BackupPC-users

Re: [BackupPC-users] Newbie setup questions

2011-03-12 20:12:32
Subject: Re: [BackupPC-users] Newbie setup questions
From: "Jeffrey J. Kosowsky" <backuppc AT kosowsky DOT org>
To: "General list for user discussion, questions and support" <backuppc-users AT lists.sourceforge DOT net>
Date: Sat, 12 Mar 2011 20:10:04 -0500
Cesar Kawar wrote at about 23:07:53 +0100 on Friday, March 11, 2011:
 > 
 > El 11/03/2011, a las 21:13, Jeffrey J. Kosowsky escribió:
 > 
 > > Cesar Kawar wrote at about 18:27:34 +0100 on Friday, March 11, 2011:
 > >> 
 > >> El 11/03/2011, a las 14:59, Jeffrey J. Kosowsky escribió:
 > >> 
 > >>> Cesar Kawar wrote at about 10:08:10 +0100 on Friday, March 11, 2011:
 > > 

 > A 100Mbps nic on a P4 is not going to be the problem here. In the case 
 > presented, the second filesystem was plugged to a USB interface. 
 > I've always used SATA hard drives, and never had I/O constrains.
 > 
 > Someone did the test on his own... please, check the link: 
 > http://lwn.net/Articles/400489/

Very interesting article -- though there they are talking about
slowdown (and cpu consumption) that has nothing to do with hardlinks
and seems to be caused by the block checksums that check to make sure
the copy is accurate -- however, after the author optimized some stuff
the penalty of rsync (without hardlinks) over straight cp was about
50% and he was able to get copy speeds of 85MB/sec.

However, in the BackupPC case we are talking about effective copy
speeds that are several orders of magnitude slower so the source of
the problem must be something with the hard link tracking.

Honestly, I am a bit confused because your ability to rsync a 1TB
BackupPC archive in 2 hours seems to be at odds with the experience of
just about everyone else that talks about rsyncs taking days or
crashing on pools of just a few hundred gigabytes. And everybody else
has talked about memory issues. Indeed, if a 1TB archive of 1 year of
BackupPC data could be rsynced in 2 hours, I can almost guarantee that
we never would have had hundreds of threads looking for better ways to
backup a BackupPC archive. I would really love to understand why your
experience seems to be so different from others.

 > >> The amount of memory needed is much less important than the cpu
 > >> needed. Again, from rsync FAQ page:
 > >> 
 > >>   "Rsync needs about 100 bytes to store all the relevant information
 > >>   for one file, so (for example) a run with 800,000 files would
 > >>   consume about 80M of memory. -H and --delete increase the memory
 > >>   usage further."
 > >> 
 > > 
 > > You need to re-read that CRITICAL last sentence. Rsyncing without hard
 > > links scales very nicely and indeed uses little memory and minimal
 > > cpu. Rsyncing with pool hard links uses *tons* of memory.
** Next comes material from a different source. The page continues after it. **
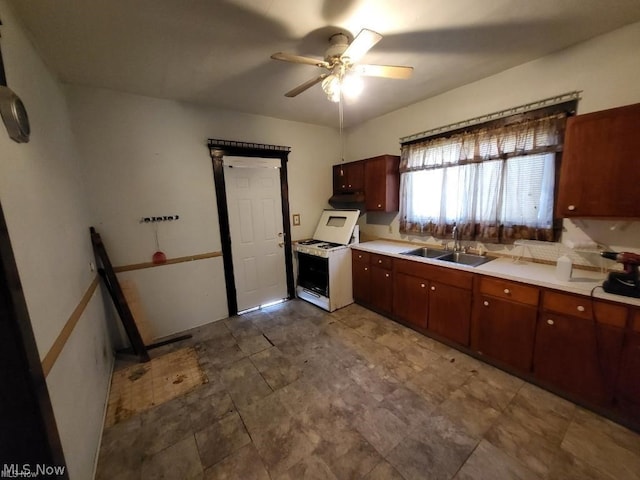 kitchen with white range with electric stovetop, ceiling fan, and sink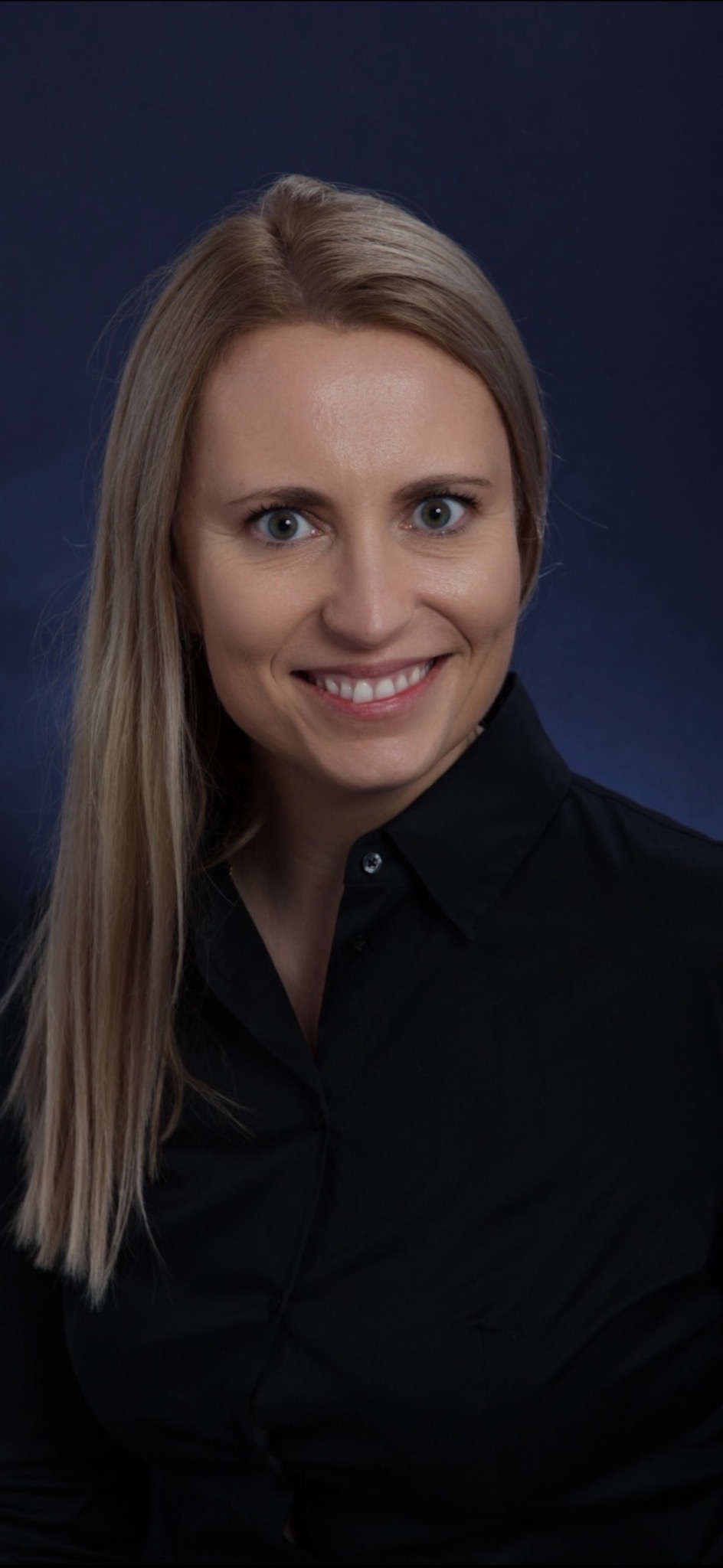 Portret uśmiechniętej blondynki w czarnej koszuli na ciemnoniebieskim tle. Widoczne zielone oczy i śnieżnobiały uśmiech. Profesjonalny wizerunek.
Been there,
 > > done that!
 > 
 > At most, you'll need another 100 bytes per hard link. if you have
 > even if you have 10 hardlinks per file (that actually means 10
 > versions of the same file) it would be 8,000,000 files to process,
 > which makes about 800 Mb of memory. Still not an issue (at least,
 > it hasn't been a issue for me).

I admit I don't understand how to reconcile your experience with
others and with how rsync works. I mean people with several gigs of
memory have run into problems with archives of a couple hundred gigs.
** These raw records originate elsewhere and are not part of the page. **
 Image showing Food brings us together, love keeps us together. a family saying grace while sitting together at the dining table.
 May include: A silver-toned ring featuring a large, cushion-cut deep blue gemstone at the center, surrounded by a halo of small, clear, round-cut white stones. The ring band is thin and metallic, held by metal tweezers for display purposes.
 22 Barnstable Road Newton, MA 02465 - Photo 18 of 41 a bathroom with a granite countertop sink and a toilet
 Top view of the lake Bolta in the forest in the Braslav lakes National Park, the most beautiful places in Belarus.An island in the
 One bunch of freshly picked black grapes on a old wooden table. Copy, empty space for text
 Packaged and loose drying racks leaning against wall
On the other hand, 800,000 pool files with 10 links per file is a
pretty small pool and represents also a pretty small set of
backups. After just backing up a few home machines for a few weeks I
had closer to a million pool files and 16 million pc files.

When you do incrementals once a day and store backups going back
several months (even with some type of exponential paring), you can
quite quickly have dozens of copies of each file per machine and if
each machine has O(500,000) files then you are quickly talking about
10's of millions of total pc file counts with even a small number of
machines. Even with 100 bytes per file, you quickly get to a point
where even 8GB is not enough of memory.


 > > I'm surprised you could even rsync 1Tb of massively linked files in 2
 > > hours. Unless you have just a small number of large files.
 > 
 > No 800,000, We had at that company over 2 billion files on our
 > fileserver. Most of them were .doc, .xls and the like.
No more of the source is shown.